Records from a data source
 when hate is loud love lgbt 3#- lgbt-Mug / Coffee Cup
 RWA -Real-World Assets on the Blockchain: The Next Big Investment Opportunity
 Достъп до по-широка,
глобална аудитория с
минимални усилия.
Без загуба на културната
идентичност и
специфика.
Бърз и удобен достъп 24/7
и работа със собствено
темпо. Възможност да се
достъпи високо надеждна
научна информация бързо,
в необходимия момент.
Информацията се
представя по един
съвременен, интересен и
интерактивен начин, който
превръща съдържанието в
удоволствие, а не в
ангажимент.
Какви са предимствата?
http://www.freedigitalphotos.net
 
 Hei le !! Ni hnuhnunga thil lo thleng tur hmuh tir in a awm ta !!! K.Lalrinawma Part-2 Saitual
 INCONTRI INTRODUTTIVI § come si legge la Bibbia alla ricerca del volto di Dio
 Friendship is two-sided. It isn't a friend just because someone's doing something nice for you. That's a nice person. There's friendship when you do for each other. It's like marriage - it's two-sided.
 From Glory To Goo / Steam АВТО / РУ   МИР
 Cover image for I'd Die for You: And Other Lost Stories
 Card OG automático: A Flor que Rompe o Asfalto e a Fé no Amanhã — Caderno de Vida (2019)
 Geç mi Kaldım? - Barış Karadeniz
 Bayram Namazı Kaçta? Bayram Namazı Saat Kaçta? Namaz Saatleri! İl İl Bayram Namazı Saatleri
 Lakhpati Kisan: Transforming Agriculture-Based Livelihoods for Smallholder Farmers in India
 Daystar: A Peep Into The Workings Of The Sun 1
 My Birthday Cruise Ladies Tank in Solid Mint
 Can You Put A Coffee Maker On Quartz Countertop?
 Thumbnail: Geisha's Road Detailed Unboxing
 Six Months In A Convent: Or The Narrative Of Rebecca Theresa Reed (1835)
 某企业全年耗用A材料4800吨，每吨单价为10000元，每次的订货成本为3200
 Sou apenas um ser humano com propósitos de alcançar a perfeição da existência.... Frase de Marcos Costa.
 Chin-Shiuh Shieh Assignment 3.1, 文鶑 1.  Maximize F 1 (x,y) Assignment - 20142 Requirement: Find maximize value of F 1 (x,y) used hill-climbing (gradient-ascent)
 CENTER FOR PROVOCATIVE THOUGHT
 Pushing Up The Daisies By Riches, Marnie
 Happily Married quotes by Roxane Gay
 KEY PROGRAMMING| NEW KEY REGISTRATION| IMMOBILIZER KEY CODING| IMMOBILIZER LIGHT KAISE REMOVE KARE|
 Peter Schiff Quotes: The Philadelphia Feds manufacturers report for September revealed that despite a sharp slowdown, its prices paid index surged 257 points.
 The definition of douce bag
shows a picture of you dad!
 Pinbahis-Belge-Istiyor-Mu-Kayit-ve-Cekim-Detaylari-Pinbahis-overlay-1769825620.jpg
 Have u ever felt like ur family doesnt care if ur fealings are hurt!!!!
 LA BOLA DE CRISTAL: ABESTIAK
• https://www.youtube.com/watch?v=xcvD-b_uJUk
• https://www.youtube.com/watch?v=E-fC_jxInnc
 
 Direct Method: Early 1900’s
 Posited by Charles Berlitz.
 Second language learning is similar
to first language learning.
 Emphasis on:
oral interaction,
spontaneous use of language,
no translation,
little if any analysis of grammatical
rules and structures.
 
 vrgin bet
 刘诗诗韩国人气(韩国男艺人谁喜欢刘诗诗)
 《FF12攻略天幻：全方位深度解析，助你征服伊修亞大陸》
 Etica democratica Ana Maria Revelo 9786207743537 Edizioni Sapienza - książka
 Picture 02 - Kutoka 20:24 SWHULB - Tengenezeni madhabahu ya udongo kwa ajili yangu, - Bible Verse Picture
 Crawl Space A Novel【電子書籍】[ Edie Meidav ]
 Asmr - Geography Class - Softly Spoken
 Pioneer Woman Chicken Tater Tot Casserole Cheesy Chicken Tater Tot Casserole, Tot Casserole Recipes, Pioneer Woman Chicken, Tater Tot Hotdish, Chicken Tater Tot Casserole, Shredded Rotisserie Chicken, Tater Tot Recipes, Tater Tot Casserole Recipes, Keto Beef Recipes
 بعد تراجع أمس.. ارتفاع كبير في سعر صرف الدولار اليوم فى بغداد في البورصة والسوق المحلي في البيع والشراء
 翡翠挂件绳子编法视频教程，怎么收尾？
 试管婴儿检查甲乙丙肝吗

■ ACTIVITY
Nothing in the records may change. Print all of them.

■ REPLY TO THE EXERCISE
 when hate is loud love lgbt 3#- lgbt-Mug / Coffee Cup
 RWA -Real-World Assets on the Blockchain: The Next Big Investment Opportunity
 Достъп до по-широка,
глобална аудитория с
минимални усилия.
Без загуба на културната
идентичност и
специфика.
Бърз и удобен достъп 24/7
и работа със собствено
темпо. Възможност да се
достъпи високо надеждна
научна информация бързо,
в необходимия момент.
Информацията се
представя по един
съвременен, интересен и
интерактивен начин, който
превръща съдържанието в
удоволствие, а не в
ангажимент.
Какви са предимствата?
http://www.freedigitalphotos.net
 
 Hei le !! Ni hnuhnunga thil lo thleng tur hmuh tir in a awm ta !!! K.Lalrinawma Part-2 Saitual
 INCONTRI INTRODUTTIVI § come si legge la Bibbia alla ricerca del volto di Dio
 Friendship is two-sided. It isn't a friend just because someone's doing something nice for you. That's a nice person. There's friendship when you do for each other. It's like marriage - it's two-sided.
 From Glory To Goo / Steam АВТО / РУ   МИР
 Cover image for I'd Die for You: And Other Lost Stories
 Card OG automático: A Flor que Rompe o Asfalto e a Fé no Amanhã — Caderno de Vida (2019)
 Geç mi Kaldım? - Barış Karadeniz
 Bayram Namazı Kaçta? Bayram Namazı Saat Kaçta? Namaz Saatleri! İl İl Bayram Namazı Saatleri
 Lakhpati Kisan: Transforming Agriculture-Based Livelihoods for Smallholder Farmers in India
 Daystar: A Peep Into The Workings Of The Sun 1
 My Birthday Cruise Ladies Tank in Solid Mint
 Can You Put A Coffee Maker On Quartz Countertop?
 Thumbnail: Geisha's Road Detailed Unboxing
 Six Months In A Convent: Or The Narrative Of Rebecca Theresa Reed (1835)
 某企业全年耗用A材料4800吨，每吨单价为10000元，每次的订货成本为3200
 Sou apenas um ser humano com propósitos de alcançar a perfeição da existência.... Frase de Marcos Costa.
 Chin-Shiuh Shieh Assignment 3.1, 文鶑 1.  Maximize F 1 (x,y) Assignment - 20142 Requirement: Find maximize value of F 1 (x,y) used hill-climbing (gradient-ascent)
 CENTER FOR PROVOCATIVE THOUGHT
 Pushing Up The Daisies By Riches, Marnie
 Happily Married quotes by Roxane Gay
 KEY PROGRAMMING| NEW KEY REGISTRATION| IMMOBILIZER KEY CODING| IMMOBILIZER LIGHT KAISE REMOVE KARE|
 Peter Schiff Quotes: The Philadelphia Feds manufacturers report for September revealed that despite a sharp slowdown, its prices paid index surged 257 points.
 The definition of douce bag
shows a picture of you dad!
 Pinbahis-Belge-Istiyor-Mu-Kayit-ve-Cekim-Detaylari-Pinbahis-overlay-1769825620.jpg
 Have u ever felt like ur family doesnt care if ur fealings are hurt!!!!
 LA BOLA DE CRISTAL: ABESTIAK
• https://www.youtube.com/watch?v=xcvD-b_uJUk
• https://www.youtube.com/watch?v=E-fC_jxInnc
 
 Direct Method: Early 1900’s
 Posited by Charles Berlitz.
 Second language learning is similar
to first language learning.
 Emphasis on:
oral interaction,
spontaneous use of language,
no translation,
little if any analysis of grammatical
rules and structures.
 
 vrgin bet
 刘诗诗韩国人气(韩国男艺人谁喜欢刘诗诗)
 《FF12攻略天幻：全方位深度解析，助你征服伊修亞大陸》
 Etica democratica Ana Maria Revelo 9786207743537 Edizioni Sapienza - książka
 Picture 02 - Kutoka 20:24 SWHULB - Tengenezeni madhabahu ya udongo kwa ajili yangu, - Bible Verse Picture
 Crawl Space A Novel【電子書籍】[ Edie Meidav ]
 Asmr - Geography Class - Softly Spoken
 Pioneer Woman Chicken Tater Tot Casserole Cheesy Chicken Tater Tot Casserole, Tot Casserole Recipes, Pioneer Woman Chicken, Tater Tot Hotdish, Chicken Tater Tot Casserole, Shredded Rotisserie Chicken, Tater Tot Recipes, Tater Tot Casserole Recipes, Keto Beef Recipes
 بعد تراجع أمس.. ارتفاع كبير في سعر صرف الدولار اليوم فى بغداد في البورصة والسوق المحلي في البيع والشراء
 翡翠挂件绳子编法视频教程，怎么收尾？
 试管婴儿检查甲乙丙肝吗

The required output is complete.